● **Supplied material**
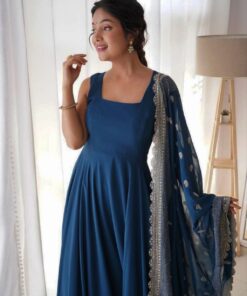 Exclusive Royel Blue Faux Georgette Jari Work Anarkali Gown With Dupatta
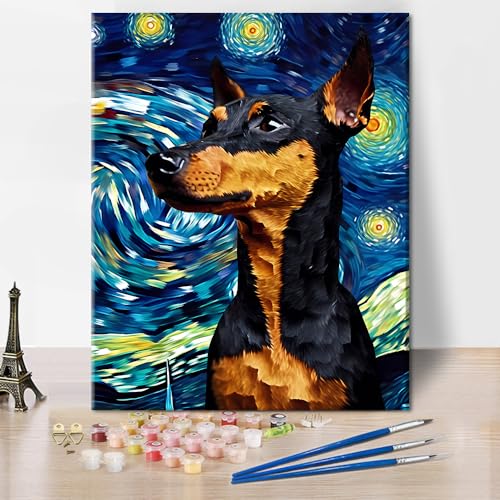 Hund DIY Malen nach Zahlen für Erwachsene Anfänger Kits bunte Dobermann Pinscher Tier Ölmalerei Sternennacht abstrakte Bild Leinwand Acryl Pigment Kunsthandwerk für Home Wall Decor Geschenk 16x20 Zoll von Generic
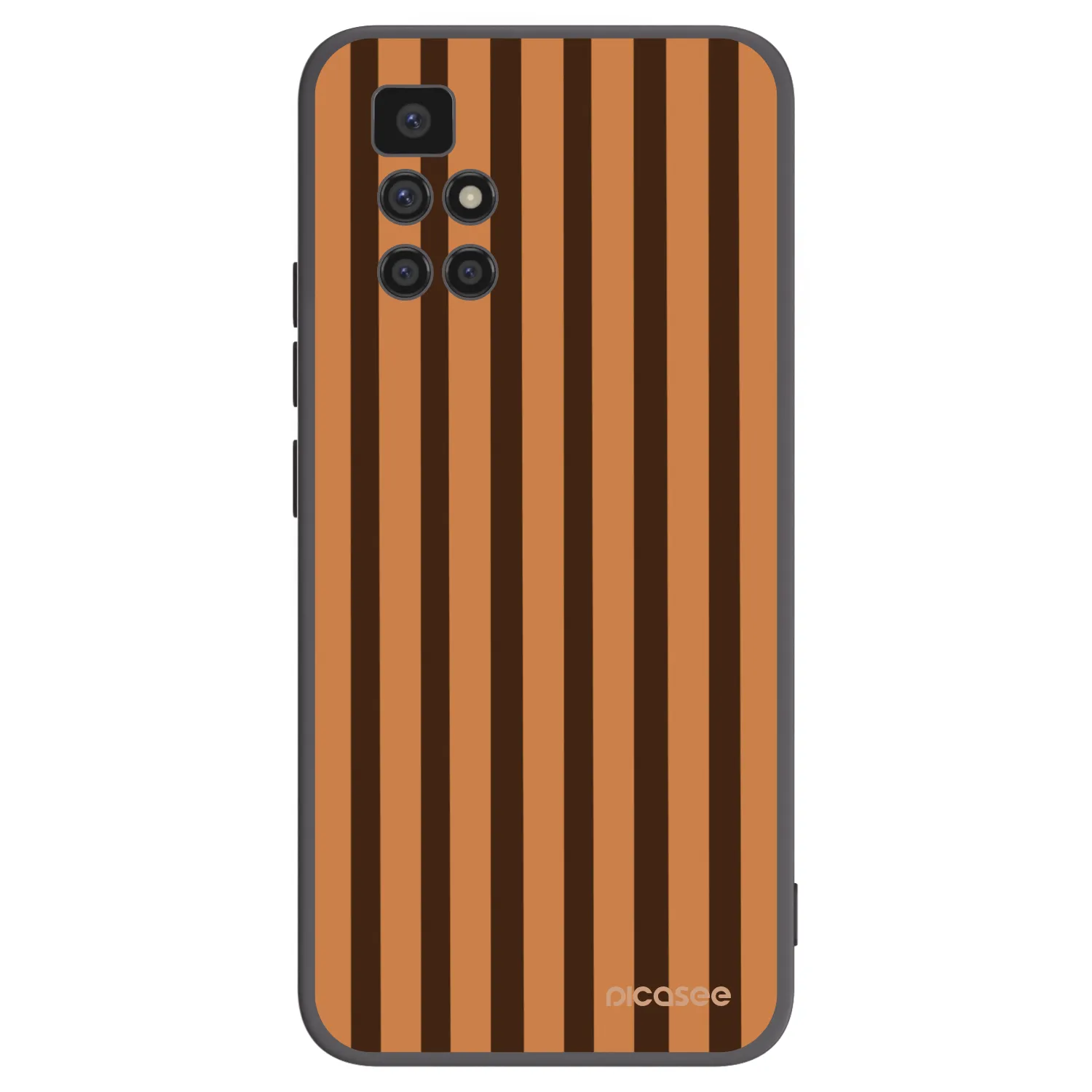 Picasee Xiaomi Redmi 10 Hülle - Schwarzes Silikon - Caramel lines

● **Requirement**
For this exercise, retype the data above exactly and skip every image.

● **Output of the exercise**
 Exclusive Royel Blue Faux Georgette Jari Work Anarkali Gown With Dupatta
 Hund DIY Malen nach Zahlen für Erwachsene Anfänger Kits bunte Dobermann Pinscher Tier Ölmalerei Sternennacht abstrakte Bild Leinwand Acryl Pigment Kunsthandwerk für Home Wall Decor Geschenk 16x20 Zoll von Generic
 Picasee Xiaomi Redmi 10 Hülle - Schwarzes Silikon - Caramel lines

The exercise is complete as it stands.